Google agreed to buy part of HTC Corp’s engineering and design teams for $1.1 billion to bolster the US internet giant’s nascent hardware business. Alphabet Inc’s Google is taking on HTC employees including teams that’ve worked on its signature Pixel smartphone. The deal also comes with a non-exclusive licensing agreement for HTC intellectual property, the companies said in a statement.
Google gains tighter control over production of its Pixel smartphone and other devices, potentially helping sales. Those gadgets are becoming the pillars of Google’s strategic push to distribute critical software products like its voice-enabled assistant and better compete with Apple Inc. The search giant is preparing to unveil a second generation of devices in October, building on a portfolio that runs the gamut from its Google Home speakers to Daydream.
“It’s still early days for Google’s hardware business. We’re focused on building our core capabilities,” Rick Osterloh, senior vice president of hardware, said in a blog post. “A team of HTC talent will join Google as part of the hardware organization. These future fellow Googlers are amazing folks we’ve already been working with closely on the Pixel smartphone line, and we’re excited to see what we can do together as one team.”
It’s unclear what the departure of key engineering talent spells for the future of HTC, which once ranked among the world’s top smartphone makers but lost share to Apple, Samsung Electronics Co. and Chinese manufacturers like Huawei Technologies Co. It’s since waded into virtual reality with the Vive headset. HTC had been working with an adviser to explore selling its handset or VIVE virtual reality businesses, and Google had been talking with the company, Bloomberg reported last month.
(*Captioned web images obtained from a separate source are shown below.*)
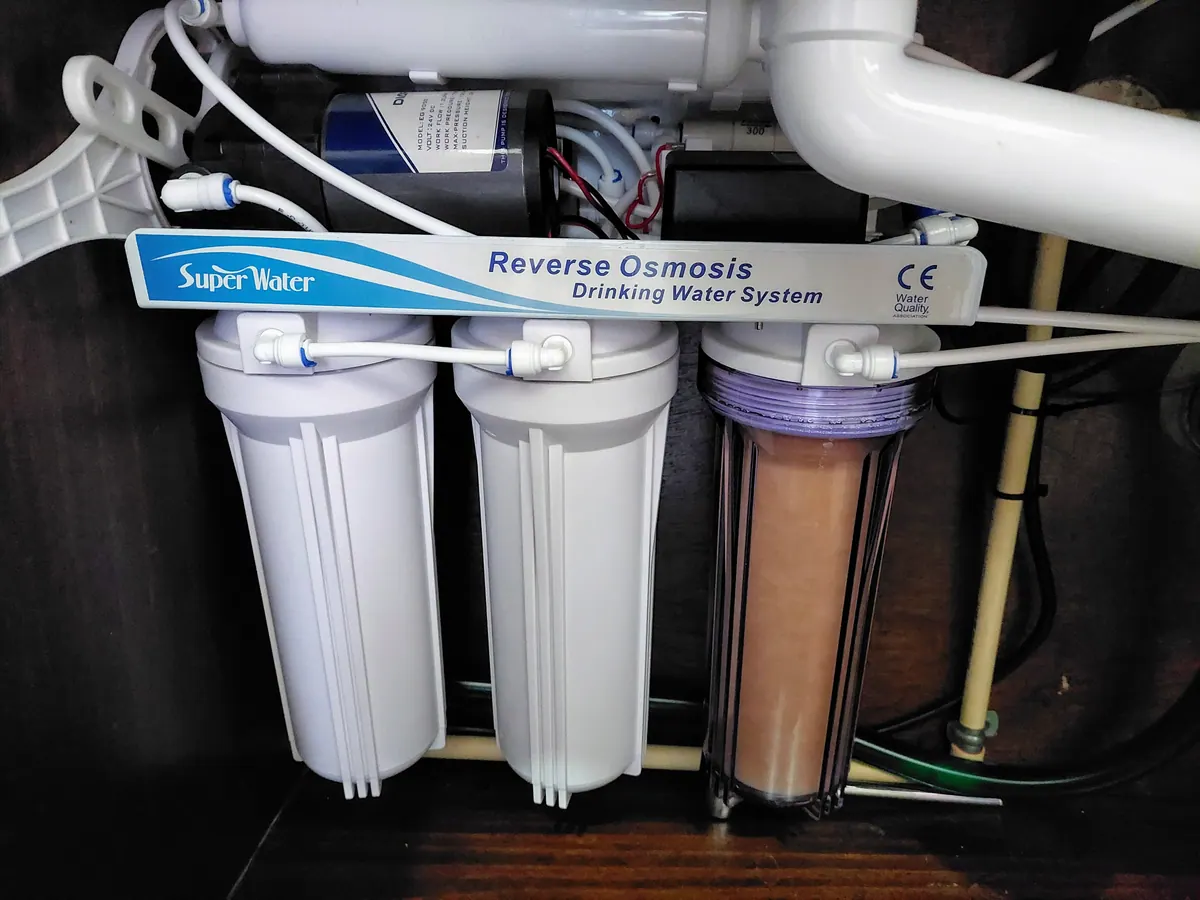 Clean drinking water station with filtration system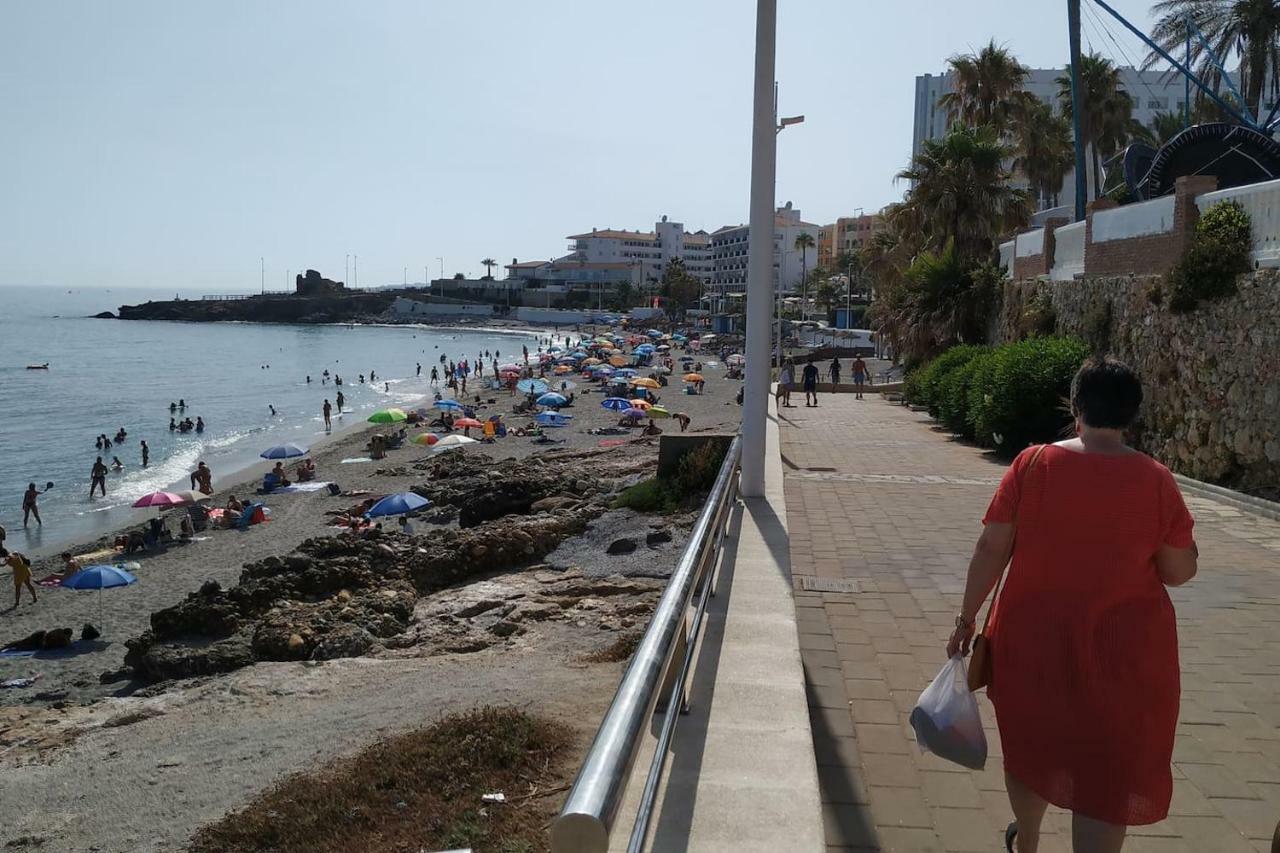 Nerja Gaviota Holidays Piscina Y Playa Exterior foto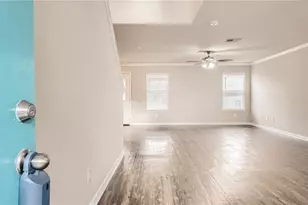 612 Copper Ct, Jarrell, TX 76537 - Photo 4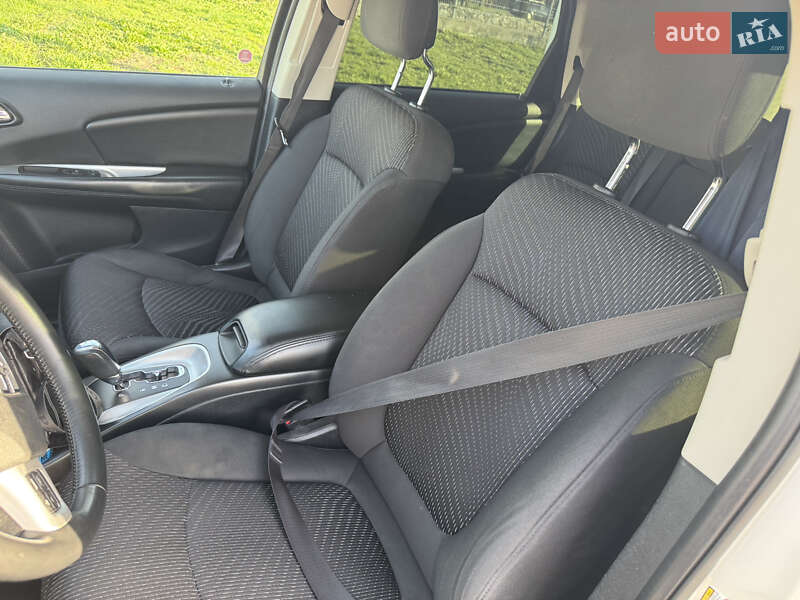 Внедорожник / Кроссовер Dodge Journey 2015 в Житомире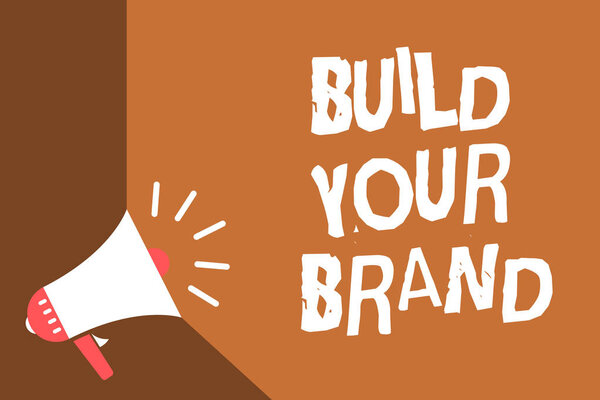 Написание заметки, показывающей создать свой бренд. Сделать коммерческую идентичность Маркетинговая реклама Новости Актуальная тема Соцсети Сообщения спикера передать идею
Shares of the Taoyuan City, Taiwan-based company, were suspended from trading. They have fallen more than 12 percent this year.
“The Vive is its only growth engine,” John Butler, an analyst at Bloomberg Intelligence, wrote in a research note before the deal was announced. “Its smartphone share has dropped to the point where a recovery is almost impossible.”
Alphabet investors may be concerned about history repeating itself. In 2012, Google paid $12.5 billion for Motorola Mobility, then a leading Android handset manufacturer. In less than three years, Google sold it to Lenovo Group Ltd. for less than $3 billion, while keeping Motorola’s valuable patent portfolio. Owning Motorola had eroded Google’s profit margins and upset other phone makers that relied on its Android software.
The HTC transaction however costs a lot less and comes at a very different time — when Google and its biggest rivals are more focused than ever on consumer devices built around new artificial-intelligence and augmented-reality services.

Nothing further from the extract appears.